Systems and methods in accordance with the invention provide an adaptive approach to monitoring characteristics of a space or region over time. The performance of respective amplifier and output transducer combination(s) can then be evaluated to determine if the desired level of speech intelligibility is being provided in the respective space or region.

In another aspect of the invention, systems and methods are provided to improve speech intelligibility in a space or region by slowing the rate of the speech and/or concentrating the energy of the amplified speech signal in frequency bands that are most important for human comprehension. This can include independent manipulation of pitch, tempo, frequency bands and sound pressure level.

In another embodiment of the invention, the frequency band energy information extracted from incoming ambient noise can be evaluated to determine if energy levels in specific frequency bands important for speech intelligibility are undesirable. Such performance-based measurements provide real time feedback as to intelligibility characteristics over time and space that may vary. The energy levels in frequency bands of interest may be acceptable, such that no remediation is required within one space configuration. However, if the space is altered, the energy levels in those particular frequency bands may be unacceptable to ensure intelligible speech.

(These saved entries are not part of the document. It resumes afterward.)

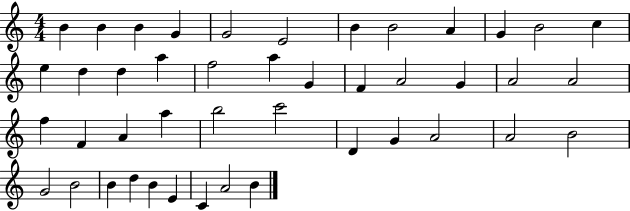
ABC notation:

X:1
T:Untitled
M:4/4
L:1/4
K:C
B B B G G2 E2 B B2 A G B2 c e d d a f2 a G F A2 G A2 A2 f F A a b2 c'2 D G A2 A2 B2 G2 B2 B d B E C A2 B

In yet another aspect of the invention, if the reverberant characteristics of the space, as measured above, are long enough, the presentation of the audio speech injected into the region can be stretched temporally an amount suitable to improve intelligibility. Devices usable in systems in accordance with the invention can incorporate one or more digital signal processors and respective modules to shape the signals temporally and spectrally before providing them to the amplifier and output transducer chain. Analysis and remediation can be provided according to any allowable system partitioning.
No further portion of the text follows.